No obstante, este hospital militar intenta seguir siendo una isla dentro del estrépito general. El tejado está pintado con cruces rojas gigantescas, y en el césped de delante de la casa hay pañuelos blancos extendidos formando una cruz. Pero las minas aéreas son imparciales, y en el diluvio de bombas no hay cobijos para la misericordia. Esto lo saben también los del hospital militar. De lo contrario no habrían almacenado tantas cosas en el refugio. Por las ventanas a ras de suelo se ven rostros de hombres a través de los barrotes.

De nuevo en el refugio de casa, las nueve de la noche. La gente está hoy en el sótano muy febril, alborotada, nerviosa, pasada de rosca. La de Hamburgo cuenta con sus eses sonoras que esta mañana pudo hablar por teléfono con amigos de la Müllerstrasse, en Berlín norte. «Ya somos rusos», le dijo su amiga. «Los tanques están pasando ahora mismo por abajo. Los Ivanes sonríen. Todo el pueblo está en la calle aclamando, ríen y hacen señas, muestran a sus hijos en alto…». El Wedding rojo, un viejo barrio de comunistas. Podría ser verdad. Enseguida se desata una vehemente disputa en torno a la noticia. Al final —opinan algunos—, ¿nos habrá vuelto idiotas la propaganda? Al final «ésos» no serán tan... Pero entonces interviene la chica refugiada procedente de la Prusia Oriental que nunca dice nada. Grita unas frases incoherentes en su dialecto. No encuentra las palabras adecuadas, gesticula con los brazos, chilla: «Ya verán, ya...», y vuelve a callar. La gente del refugio se calla también.

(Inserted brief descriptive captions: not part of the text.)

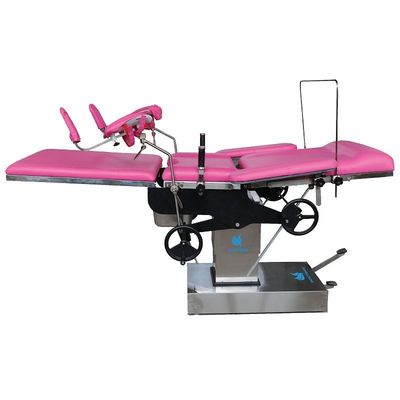 Hydraulic obstetric table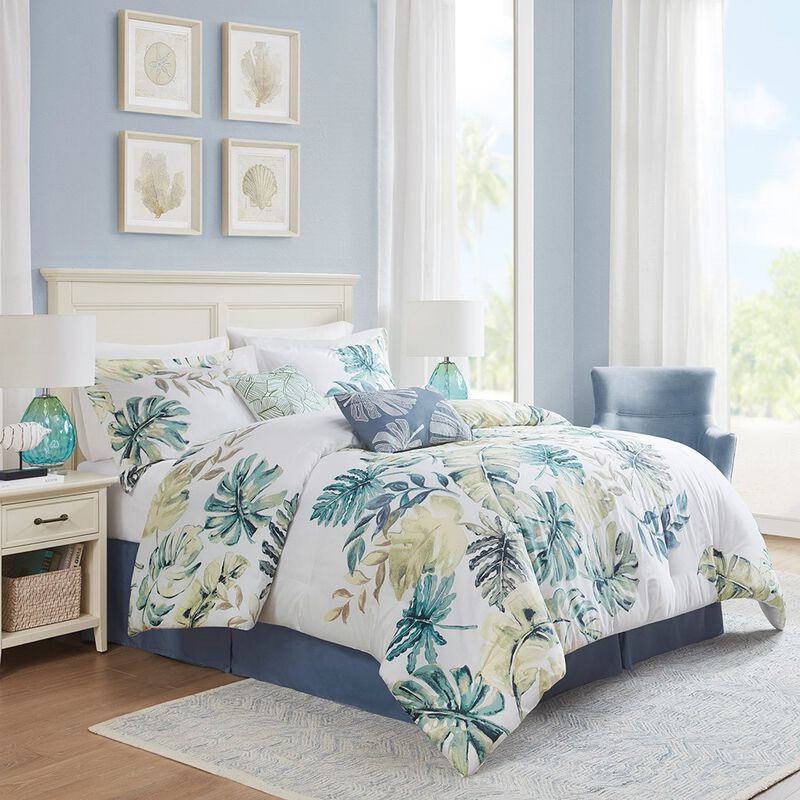 Gracie Mills Cordell Tropical Paradise Cotton 6-Piece Comforter Set image number 1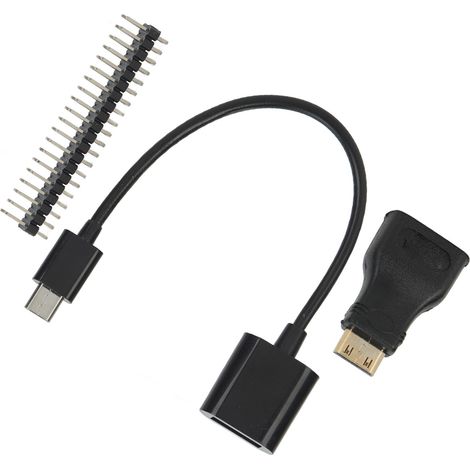 Adaptateur Mini HDMI vers HDMI Femelle Micro USB vers USB Alimentation 40P Kit Pin pour Raspberry Pi Zero (1/5)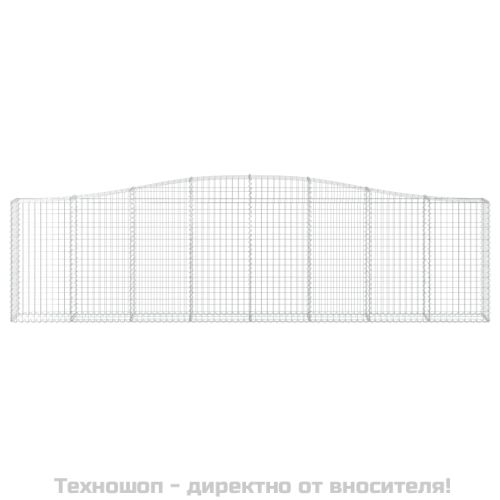 Габионни кошници арка 6 бр 400x30x100/120 см поцинковано желязо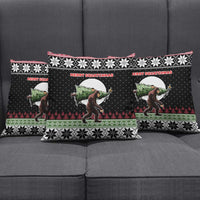 Funny Bigfoot Christmas Pillow Cover Xmas Holiday Patterns - Wonder Print Shop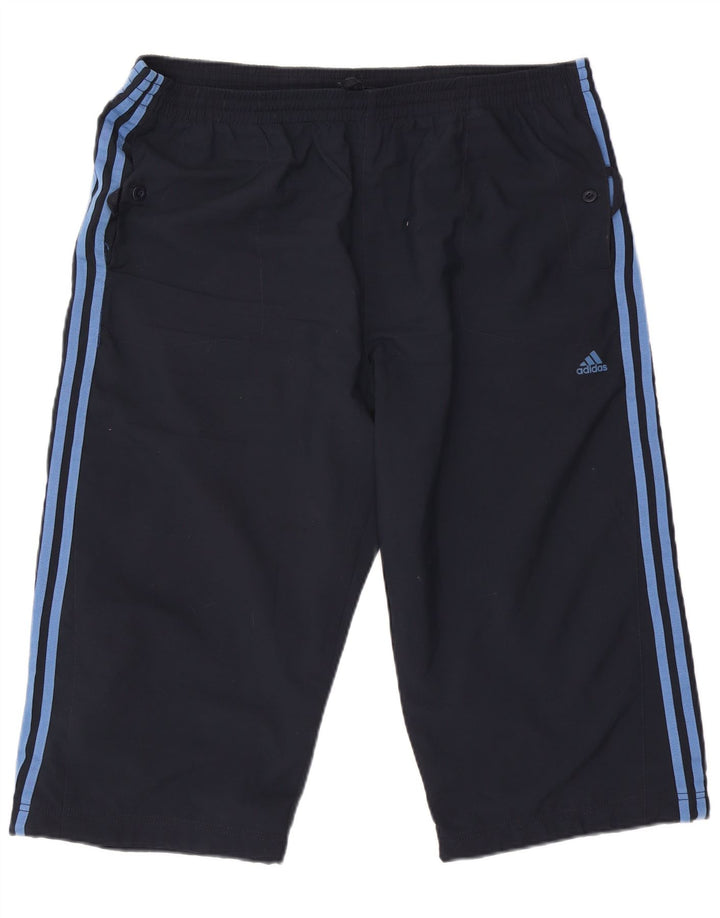 Adidas Mens Bermuda Sport Shorts 2XL Navy Blue Polyester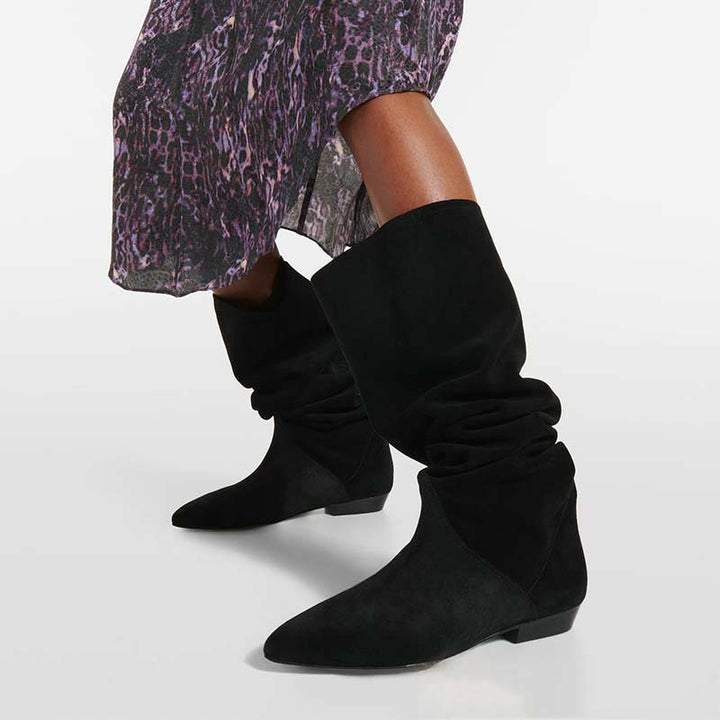 Femme Slouchy Høj-Over-Knæ Støvler Stilla
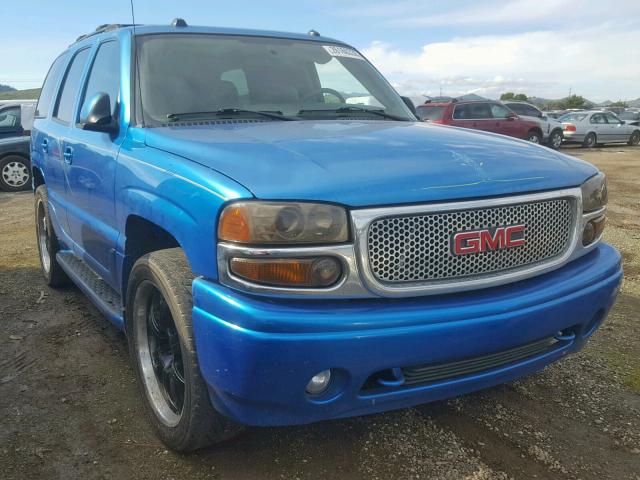 1GKEK63U45J141595 - 2005 GMC YUKON DENA BLUE photo 1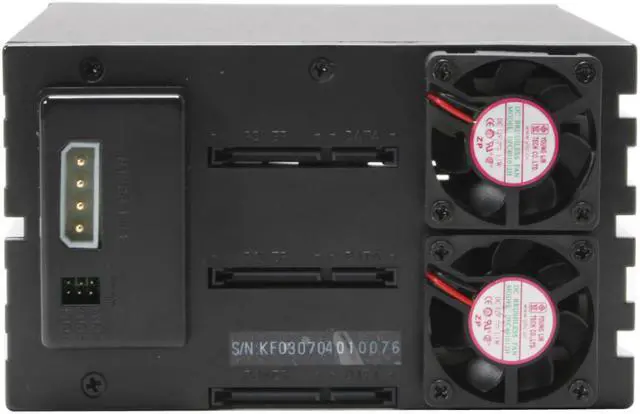 Alt view image 2 of 3 - KINGWIN KF-3000-BK 3.5" Internal hot swap rack raid-3 bay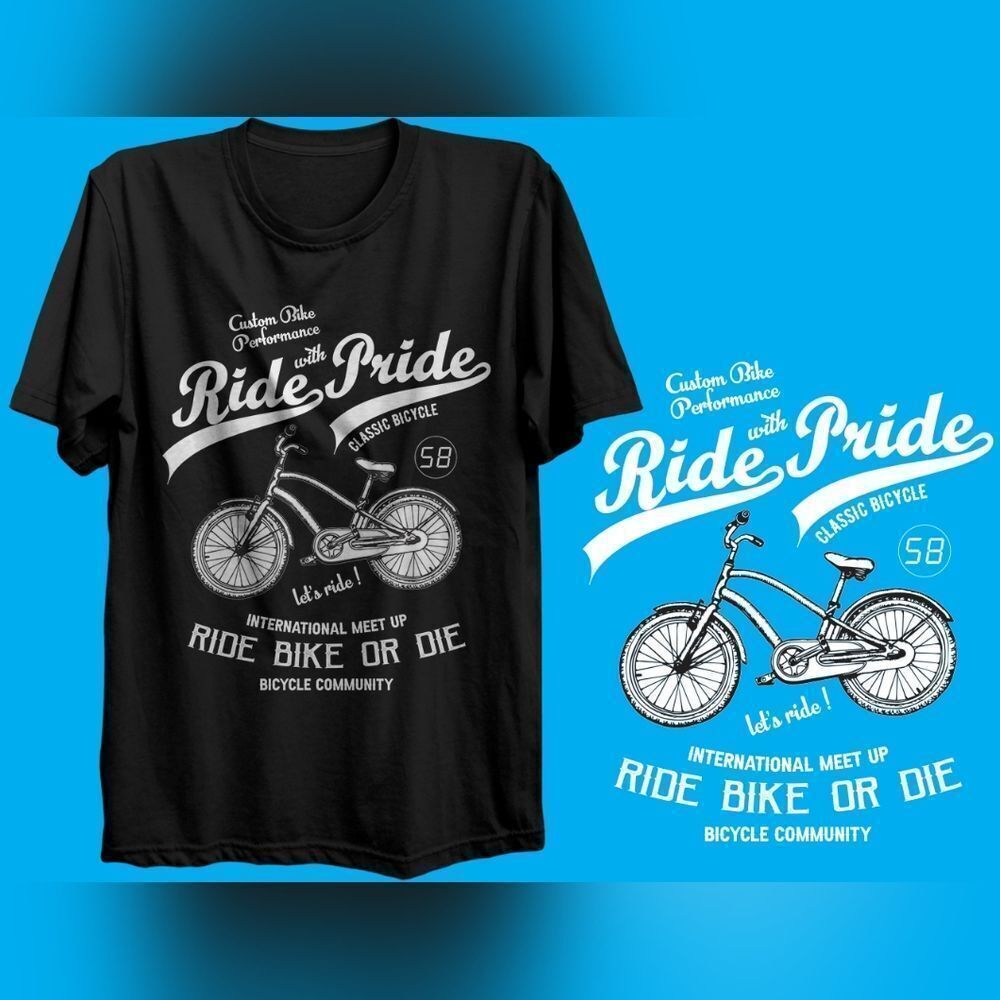 Bicycle Short Sleeve T-shirt Apparel Unisex Size Bike Enthusiast Theme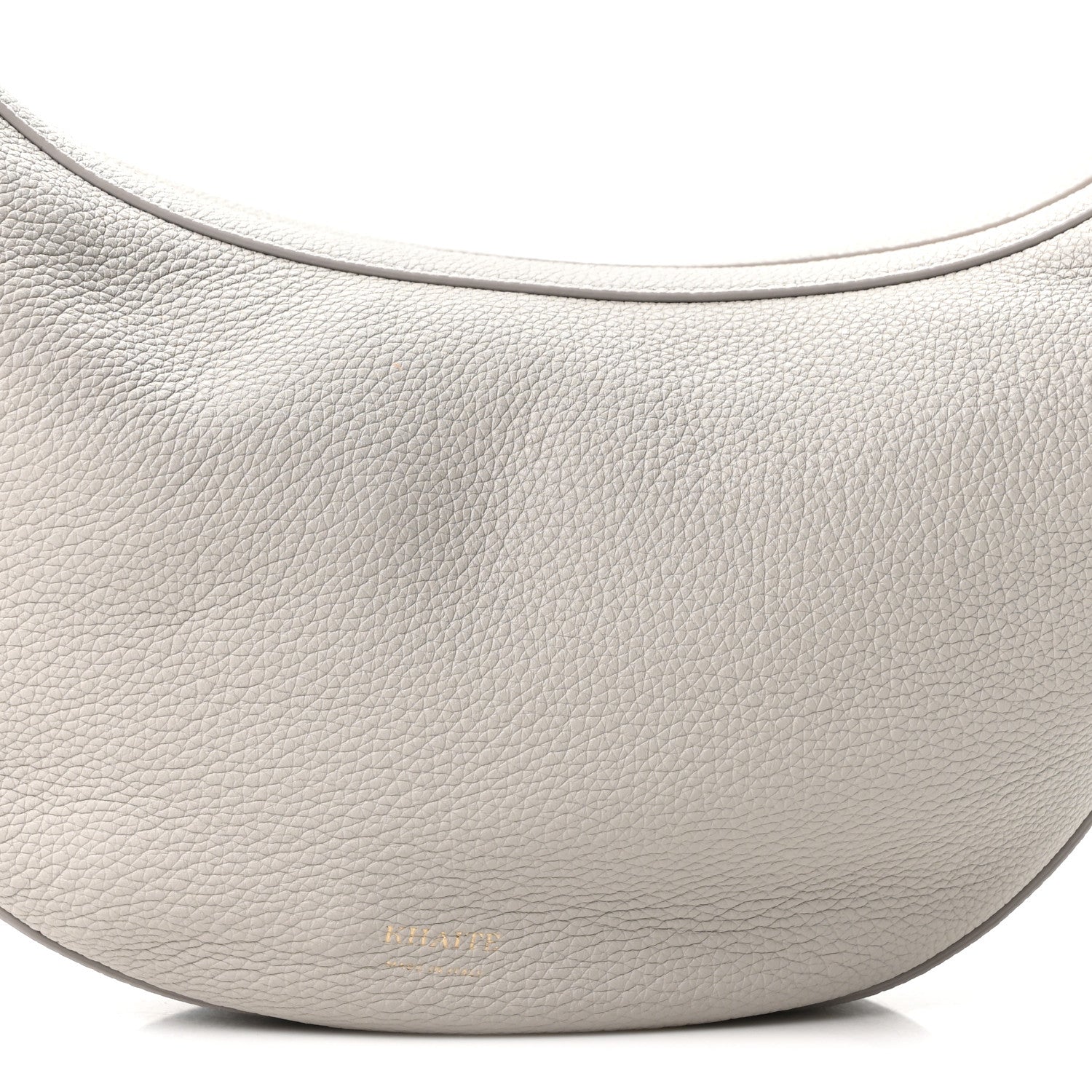 Khaite Pebbled Calfskin Augustina Small Crossbody Light Grey 7 of 10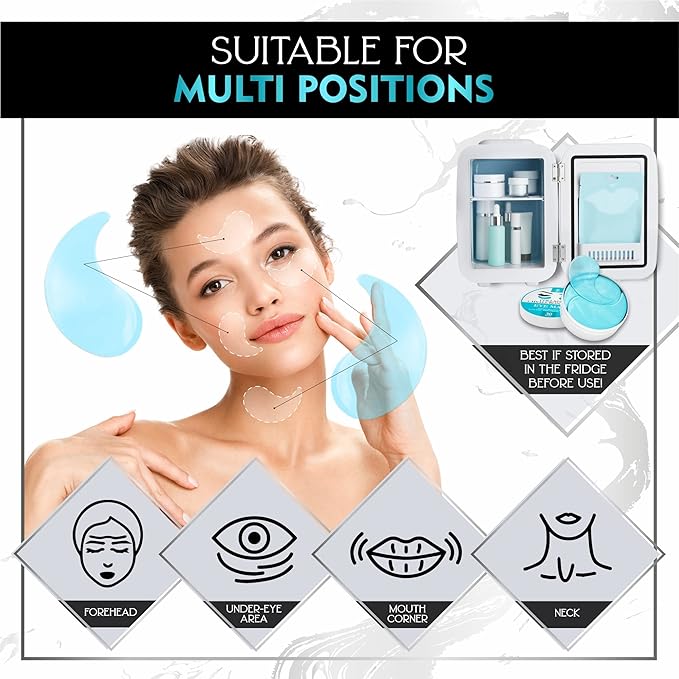 Under Eye Patches for Puffy Eyes, Dark Circles, Dull Skin - Natural Moisturizing Support - Help with Wrinkles and Fine Lines - Under Eye Mask with Hyaluronic Acid, Collagen, Caffeine - 30 Pairs
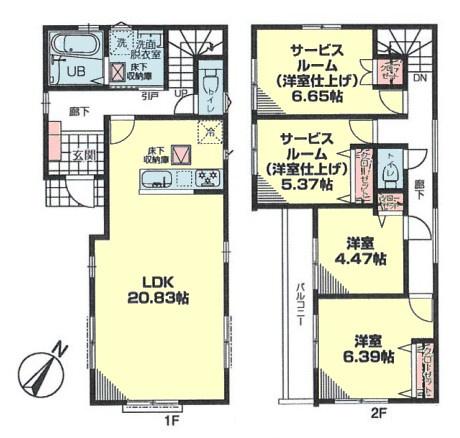 横浜市神奈川区中丸の新築一戸建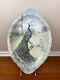 Basset Limoges Austria Hand-painted Peacock 17 Serving Platter Euc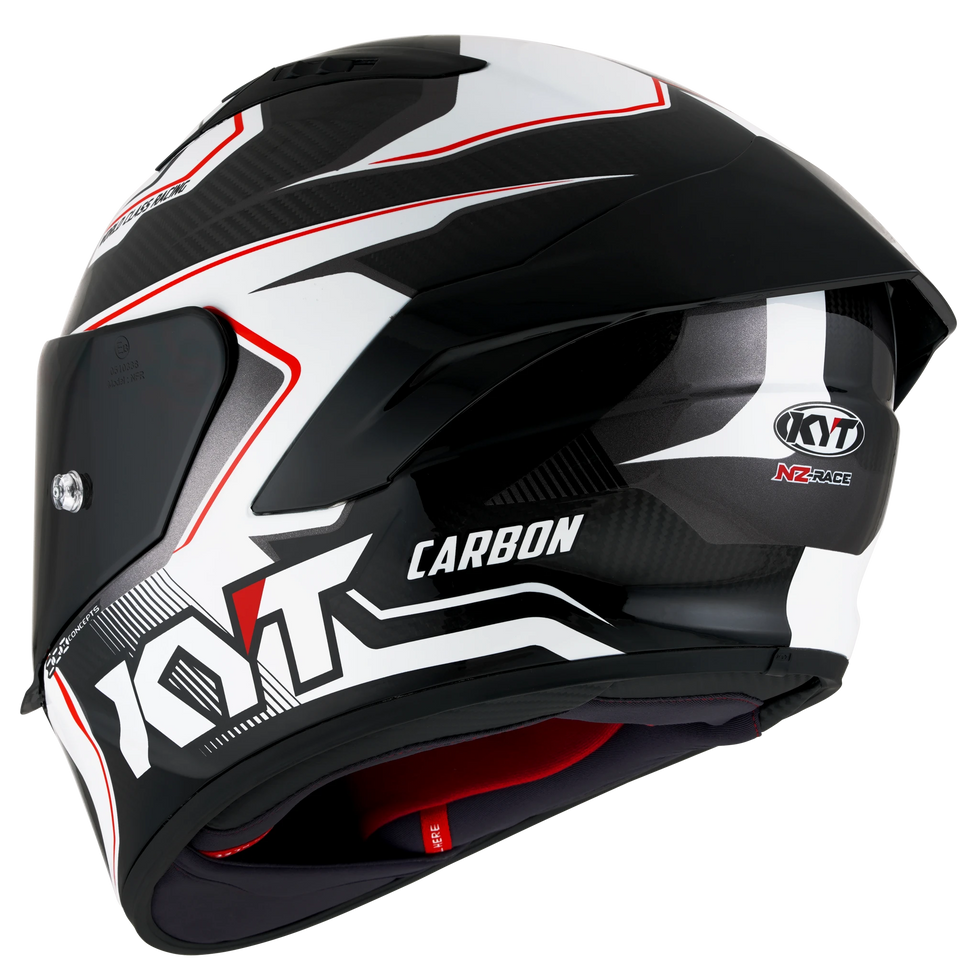 KYT NZ-Race Carbon Carbon Competition Helmet - White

La fabricante de licores está empecinada en repetir un nuevo rumor: Ribbentrop y Von Papen acaban de tomar un avión para Washington para hablar personalmente con los americanos. Nadie le hace caso.

El refugio está tétrico. La lamparilla de petróleo humea. Los anillos fosforescentes, pintados en las vigas a la altura de los ojos para evitar golpearse con ellas en la oscuridad, emiten un brillo verdoso. Somos más ahora. La pareja de libreros se ha traído consigo el canario. La jaula está colgada de una viga y tapada con una toalla. Fuera, tiroteo. Dentro, silencio. Todos tratan de dormir o están dormidos.